Charles L. Mears(1)(2)
    2004     Mr. Mears retired as Executive Vice President of the chlor-alkali business of Occidental Chemical Corporation, a subsidiary of Occidental Petroleum Corporation, in October 2000, after serving in that position since 1996. He had served in various management positions in that company since 1986, including serving as Senior Vice President of the Industrial Chemicals Division from 1991 until 1996. Mr. Mears began his career with Diamond Shamrock Corporation in 1965, where he held various management positions. He currently serves as a director of KMG Chemicals, Inc., a publicly-held specialty chemicals manufacturer. Mr. Mears is 66 years old.
David A. Scholes
    2005     Mr. Scholes has served as our Vice President, Manufacturing since March 2001. From January 1997 to March 2001 he was our Vice President, Manufacturing – U.S., and Vice President, Manufacturing of the Company’s domestic subsidiary. Prior to 1997 he was manager of Occidental Chemical Corporation’s Houston chemical complex. Mr. Scholes has been involved in chlor-alkali manufacturing since 1976. Mr. Scholes was an executive officer of Pioneer in July 2001 when the petition for reorganization under Chapter 11 of the U.S. Bankruptcy Code was filed. Mr. Scholes is 60 years old.
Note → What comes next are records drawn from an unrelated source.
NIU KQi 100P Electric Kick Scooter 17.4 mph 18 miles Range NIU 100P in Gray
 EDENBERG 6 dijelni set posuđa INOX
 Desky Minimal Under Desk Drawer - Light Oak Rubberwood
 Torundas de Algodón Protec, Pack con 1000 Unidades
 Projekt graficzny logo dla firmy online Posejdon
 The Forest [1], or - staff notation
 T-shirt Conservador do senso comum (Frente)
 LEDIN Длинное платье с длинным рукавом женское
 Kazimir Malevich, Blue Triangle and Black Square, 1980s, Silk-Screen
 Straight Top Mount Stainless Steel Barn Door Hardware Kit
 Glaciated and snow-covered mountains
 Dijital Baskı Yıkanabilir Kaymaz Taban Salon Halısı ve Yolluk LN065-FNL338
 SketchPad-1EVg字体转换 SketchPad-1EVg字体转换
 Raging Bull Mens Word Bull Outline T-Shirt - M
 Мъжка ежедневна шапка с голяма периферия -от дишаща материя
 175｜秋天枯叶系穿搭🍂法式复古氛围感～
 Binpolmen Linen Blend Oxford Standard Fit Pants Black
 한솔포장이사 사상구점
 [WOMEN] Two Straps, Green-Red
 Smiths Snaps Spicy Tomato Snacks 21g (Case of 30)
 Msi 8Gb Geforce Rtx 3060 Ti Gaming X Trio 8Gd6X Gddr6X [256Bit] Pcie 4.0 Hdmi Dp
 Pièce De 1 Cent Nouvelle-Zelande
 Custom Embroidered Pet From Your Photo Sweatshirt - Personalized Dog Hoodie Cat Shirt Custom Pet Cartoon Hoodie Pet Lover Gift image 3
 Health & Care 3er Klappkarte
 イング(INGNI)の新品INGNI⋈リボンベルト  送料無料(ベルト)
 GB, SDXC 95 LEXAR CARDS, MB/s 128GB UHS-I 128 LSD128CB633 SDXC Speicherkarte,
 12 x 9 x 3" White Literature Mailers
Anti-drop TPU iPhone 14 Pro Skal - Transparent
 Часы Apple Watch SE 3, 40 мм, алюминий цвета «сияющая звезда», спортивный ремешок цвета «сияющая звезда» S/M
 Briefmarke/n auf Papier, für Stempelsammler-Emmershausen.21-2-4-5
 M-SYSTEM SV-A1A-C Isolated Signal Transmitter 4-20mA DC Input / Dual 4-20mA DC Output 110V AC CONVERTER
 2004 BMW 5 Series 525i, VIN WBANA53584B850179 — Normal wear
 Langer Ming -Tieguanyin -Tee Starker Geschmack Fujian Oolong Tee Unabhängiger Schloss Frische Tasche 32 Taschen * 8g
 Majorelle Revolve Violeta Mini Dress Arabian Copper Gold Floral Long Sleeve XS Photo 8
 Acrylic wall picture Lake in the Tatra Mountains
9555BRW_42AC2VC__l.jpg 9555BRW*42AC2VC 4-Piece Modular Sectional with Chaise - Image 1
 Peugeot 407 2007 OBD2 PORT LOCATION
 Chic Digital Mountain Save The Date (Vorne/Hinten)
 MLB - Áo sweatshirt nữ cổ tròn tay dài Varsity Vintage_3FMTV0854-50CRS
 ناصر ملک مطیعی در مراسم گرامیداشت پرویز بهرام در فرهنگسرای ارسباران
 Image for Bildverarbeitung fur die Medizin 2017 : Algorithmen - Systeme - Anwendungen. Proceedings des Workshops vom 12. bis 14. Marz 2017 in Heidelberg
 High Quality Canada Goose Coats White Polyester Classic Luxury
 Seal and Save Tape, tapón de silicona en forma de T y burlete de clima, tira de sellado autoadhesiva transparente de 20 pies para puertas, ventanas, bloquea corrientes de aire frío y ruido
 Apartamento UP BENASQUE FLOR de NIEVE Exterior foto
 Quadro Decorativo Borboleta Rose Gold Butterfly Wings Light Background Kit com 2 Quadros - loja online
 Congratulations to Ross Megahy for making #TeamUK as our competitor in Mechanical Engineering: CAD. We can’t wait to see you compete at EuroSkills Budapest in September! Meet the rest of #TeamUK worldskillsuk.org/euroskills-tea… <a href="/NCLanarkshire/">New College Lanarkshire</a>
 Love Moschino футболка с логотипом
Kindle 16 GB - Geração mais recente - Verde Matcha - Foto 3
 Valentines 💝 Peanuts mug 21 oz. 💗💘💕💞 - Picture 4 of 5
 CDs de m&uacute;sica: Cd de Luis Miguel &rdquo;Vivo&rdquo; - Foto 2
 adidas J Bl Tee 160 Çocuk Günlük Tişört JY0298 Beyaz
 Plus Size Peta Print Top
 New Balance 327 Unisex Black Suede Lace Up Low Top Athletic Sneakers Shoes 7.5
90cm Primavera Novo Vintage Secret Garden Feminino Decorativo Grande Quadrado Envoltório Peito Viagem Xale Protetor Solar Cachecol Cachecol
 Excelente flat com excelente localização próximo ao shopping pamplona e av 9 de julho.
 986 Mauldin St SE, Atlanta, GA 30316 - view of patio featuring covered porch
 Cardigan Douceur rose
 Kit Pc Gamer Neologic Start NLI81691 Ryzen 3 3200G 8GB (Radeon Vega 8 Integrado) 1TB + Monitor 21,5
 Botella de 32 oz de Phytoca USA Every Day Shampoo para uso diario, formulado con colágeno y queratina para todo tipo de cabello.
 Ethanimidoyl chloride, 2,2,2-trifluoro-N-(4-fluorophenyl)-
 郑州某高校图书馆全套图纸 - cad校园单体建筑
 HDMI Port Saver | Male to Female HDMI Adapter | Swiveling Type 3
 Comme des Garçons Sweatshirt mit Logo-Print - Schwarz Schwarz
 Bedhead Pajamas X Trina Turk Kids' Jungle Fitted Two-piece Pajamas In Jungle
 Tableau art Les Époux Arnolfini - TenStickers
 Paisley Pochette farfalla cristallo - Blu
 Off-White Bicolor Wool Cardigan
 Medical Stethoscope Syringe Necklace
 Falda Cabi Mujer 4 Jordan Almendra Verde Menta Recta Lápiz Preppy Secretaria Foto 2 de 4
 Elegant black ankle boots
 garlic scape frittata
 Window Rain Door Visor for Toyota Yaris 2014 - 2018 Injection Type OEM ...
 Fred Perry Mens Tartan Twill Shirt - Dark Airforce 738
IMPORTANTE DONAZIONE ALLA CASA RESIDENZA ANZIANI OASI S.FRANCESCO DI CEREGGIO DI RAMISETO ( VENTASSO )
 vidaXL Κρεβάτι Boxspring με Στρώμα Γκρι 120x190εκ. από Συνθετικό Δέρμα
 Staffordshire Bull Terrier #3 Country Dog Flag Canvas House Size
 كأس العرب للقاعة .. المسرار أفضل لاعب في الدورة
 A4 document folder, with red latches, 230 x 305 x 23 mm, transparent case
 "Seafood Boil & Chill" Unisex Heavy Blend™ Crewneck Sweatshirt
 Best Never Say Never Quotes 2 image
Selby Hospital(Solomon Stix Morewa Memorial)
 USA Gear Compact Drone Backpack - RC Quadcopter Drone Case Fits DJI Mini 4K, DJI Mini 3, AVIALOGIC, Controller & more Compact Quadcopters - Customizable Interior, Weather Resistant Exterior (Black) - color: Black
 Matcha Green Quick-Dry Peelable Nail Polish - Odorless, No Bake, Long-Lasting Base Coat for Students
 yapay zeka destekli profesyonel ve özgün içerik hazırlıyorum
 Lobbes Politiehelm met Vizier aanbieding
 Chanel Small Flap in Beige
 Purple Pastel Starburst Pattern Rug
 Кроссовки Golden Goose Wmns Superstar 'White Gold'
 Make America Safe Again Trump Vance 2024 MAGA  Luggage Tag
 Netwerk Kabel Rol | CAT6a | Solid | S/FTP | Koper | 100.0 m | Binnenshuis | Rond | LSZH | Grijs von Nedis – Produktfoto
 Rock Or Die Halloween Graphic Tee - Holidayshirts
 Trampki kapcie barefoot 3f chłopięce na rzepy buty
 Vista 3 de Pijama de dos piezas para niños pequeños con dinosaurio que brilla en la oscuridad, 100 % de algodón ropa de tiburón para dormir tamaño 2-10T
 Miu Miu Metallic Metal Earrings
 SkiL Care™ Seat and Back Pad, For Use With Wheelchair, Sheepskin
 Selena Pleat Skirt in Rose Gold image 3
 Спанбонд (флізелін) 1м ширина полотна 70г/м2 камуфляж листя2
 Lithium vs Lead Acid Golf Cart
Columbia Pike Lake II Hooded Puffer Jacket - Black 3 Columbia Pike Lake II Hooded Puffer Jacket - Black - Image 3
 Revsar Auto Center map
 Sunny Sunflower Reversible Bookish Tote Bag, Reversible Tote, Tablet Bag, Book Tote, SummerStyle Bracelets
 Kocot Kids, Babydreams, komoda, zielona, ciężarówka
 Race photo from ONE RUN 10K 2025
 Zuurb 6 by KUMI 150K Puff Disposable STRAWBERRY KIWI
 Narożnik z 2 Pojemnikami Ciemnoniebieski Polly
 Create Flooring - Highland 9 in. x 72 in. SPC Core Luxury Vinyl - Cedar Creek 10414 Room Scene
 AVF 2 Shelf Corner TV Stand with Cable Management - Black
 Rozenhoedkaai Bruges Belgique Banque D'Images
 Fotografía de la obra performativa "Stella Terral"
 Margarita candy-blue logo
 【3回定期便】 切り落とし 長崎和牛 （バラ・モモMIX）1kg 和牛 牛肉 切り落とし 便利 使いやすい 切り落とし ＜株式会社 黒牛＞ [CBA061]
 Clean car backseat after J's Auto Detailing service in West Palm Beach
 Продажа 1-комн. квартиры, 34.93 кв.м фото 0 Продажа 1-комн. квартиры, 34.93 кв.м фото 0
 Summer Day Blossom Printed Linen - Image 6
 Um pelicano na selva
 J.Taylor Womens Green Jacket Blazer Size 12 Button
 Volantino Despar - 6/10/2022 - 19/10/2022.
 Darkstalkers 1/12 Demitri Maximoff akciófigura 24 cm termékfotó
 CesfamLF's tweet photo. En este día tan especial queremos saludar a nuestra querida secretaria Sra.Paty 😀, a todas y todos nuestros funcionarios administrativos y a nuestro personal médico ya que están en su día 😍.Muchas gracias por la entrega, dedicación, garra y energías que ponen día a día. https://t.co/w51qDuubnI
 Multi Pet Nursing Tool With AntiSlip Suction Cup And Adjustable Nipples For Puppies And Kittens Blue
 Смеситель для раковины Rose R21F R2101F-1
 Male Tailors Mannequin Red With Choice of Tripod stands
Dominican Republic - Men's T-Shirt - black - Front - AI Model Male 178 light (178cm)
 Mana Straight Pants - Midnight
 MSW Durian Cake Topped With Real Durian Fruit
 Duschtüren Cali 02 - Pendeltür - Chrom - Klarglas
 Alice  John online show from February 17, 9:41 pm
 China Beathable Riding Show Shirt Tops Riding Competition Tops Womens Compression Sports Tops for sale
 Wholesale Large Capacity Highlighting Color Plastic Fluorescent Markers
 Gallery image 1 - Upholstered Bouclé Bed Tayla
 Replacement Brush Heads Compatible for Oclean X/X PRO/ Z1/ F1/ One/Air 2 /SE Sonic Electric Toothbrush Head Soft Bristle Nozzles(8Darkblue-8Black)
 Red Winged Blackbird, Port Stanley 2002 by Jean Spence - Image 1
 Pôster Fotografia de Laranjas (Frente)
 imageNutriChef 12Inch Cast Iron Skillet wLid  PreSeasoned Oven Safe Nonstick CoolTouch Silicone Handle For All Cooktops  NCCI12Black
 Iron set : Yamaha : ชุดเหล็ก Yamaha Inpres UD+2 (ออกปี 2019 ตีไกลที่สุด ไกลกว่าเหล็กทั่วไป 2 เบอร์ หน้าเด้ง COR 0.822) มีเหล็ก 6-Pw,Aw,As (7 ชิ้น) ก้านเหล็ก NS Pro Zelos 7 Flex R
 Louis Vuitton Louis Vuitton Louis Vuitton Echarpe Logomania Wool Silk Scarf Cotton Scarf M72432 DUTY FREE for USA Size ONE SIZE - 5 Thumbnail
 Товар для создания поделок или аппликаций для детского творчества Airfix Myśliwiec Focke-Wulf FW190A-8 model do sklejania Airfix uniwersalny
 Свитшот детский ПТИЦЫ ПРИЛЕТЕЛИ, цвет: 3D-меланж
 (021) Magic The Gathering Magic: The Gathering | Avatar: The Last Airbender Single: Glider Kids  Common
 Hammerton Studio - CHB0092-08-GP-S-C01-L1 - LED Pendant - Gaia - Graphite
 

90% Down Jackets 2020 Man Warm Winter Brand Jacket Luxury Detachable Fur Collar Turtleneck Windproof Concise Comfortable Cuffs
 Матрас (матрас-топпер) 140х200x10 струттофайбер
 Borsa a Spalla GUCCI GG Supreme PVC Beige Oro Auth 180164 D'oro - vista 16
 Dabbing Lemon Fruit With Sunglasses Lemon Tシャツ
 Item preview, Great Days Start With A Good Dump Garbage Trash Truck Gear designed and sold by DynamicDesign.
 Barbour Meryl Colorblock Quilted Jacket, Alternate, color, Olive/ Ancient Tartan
Richard L. Urbanowski(1)(2)
    2005     Mr. Urbanowski retired in 1998 as President and Chief Operating Officer of ISK Biosciences Corporation, a specialty chemicals company selling crop protection chemicals and wood preservative products. Mr. Urbanowski began his career with Diamond Alkali Company, where he held various positions in research and development, engineering, operations, production and sales. He is currently a director of KMG Chemicals, Inc., a publicly-held specialty chemicals manufacturer. Mr. Urbanowski is 69 years old.
 
(1)  Member of Audit Committee.
 
(2)  Member of Governance and Compensation Committee.
      The Board of Directors recommends that you vote “FOR” election of each nominee listed above. Each properly submitted proxy card will be so voted unless the stockholder submitting such proxy card specifies otherwise.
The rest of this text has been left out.